▶ THE INPUT
********************
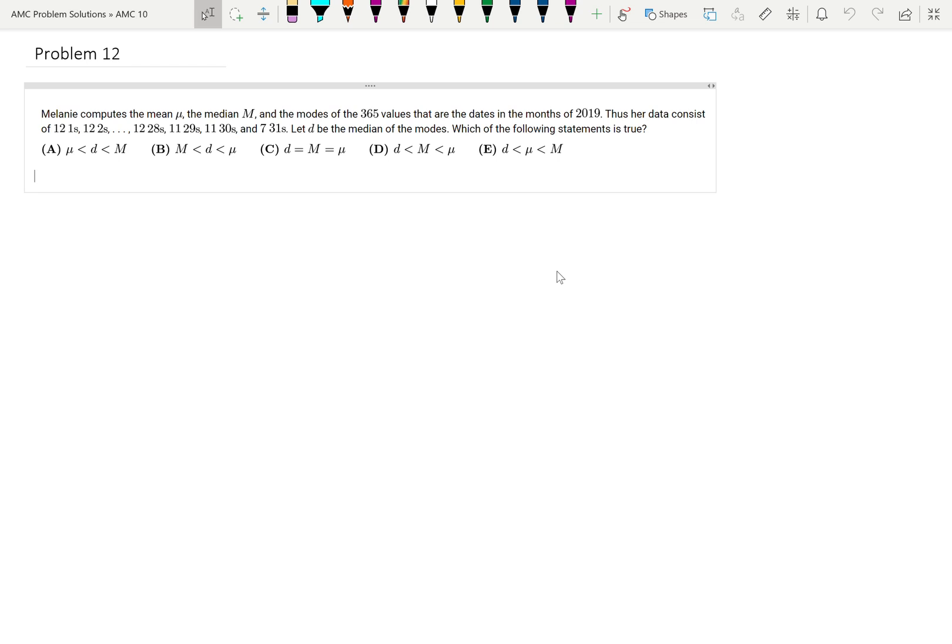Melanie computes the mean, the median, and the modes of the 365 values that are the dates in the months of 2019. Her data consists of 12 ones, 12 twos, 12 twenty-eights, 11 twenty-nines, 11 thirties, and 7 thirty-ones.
********************
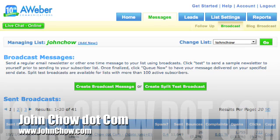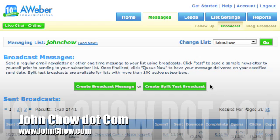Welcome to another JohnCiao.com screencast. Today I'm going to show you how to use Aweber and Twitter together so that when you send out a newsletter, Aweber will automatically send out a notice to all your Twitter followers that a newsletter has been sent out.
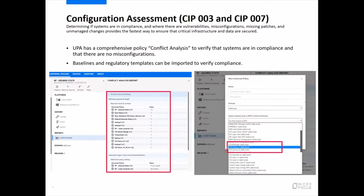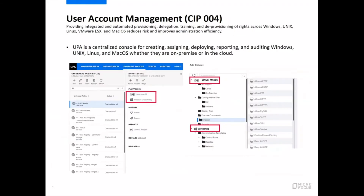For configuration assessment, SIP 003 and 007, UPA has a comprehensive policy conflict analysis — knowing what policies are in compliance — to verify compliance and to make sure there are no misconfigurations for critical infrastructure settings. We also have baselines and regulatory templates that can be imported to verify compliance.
********************
▶ WHAT YOU ARE ASKED TO DO
Look above for the line with "Welcome to another" and the line with "For configuration assessment, SIP", then copy exactly the lines from the first through the second, both kept, with no pictures.

▶ RESULT
Welcome to another JohnCiao.com screencast. Today I'm going to show you how to use Aweber and Twitter together so that when you send out a newsletter, Aweber will automatically send out a notice to all your Twitter followers that a newsletter has been sent out.
For configuration assessment, SIP 003 and 007, UPA has a comprehensive policy conflict analysis — knowing what policies are in compliance — to verify compliance and to make sure there are no misconfigurations for critical infrastructure settings. We also have baselines and regulatory templates that can be imported to verify compliance.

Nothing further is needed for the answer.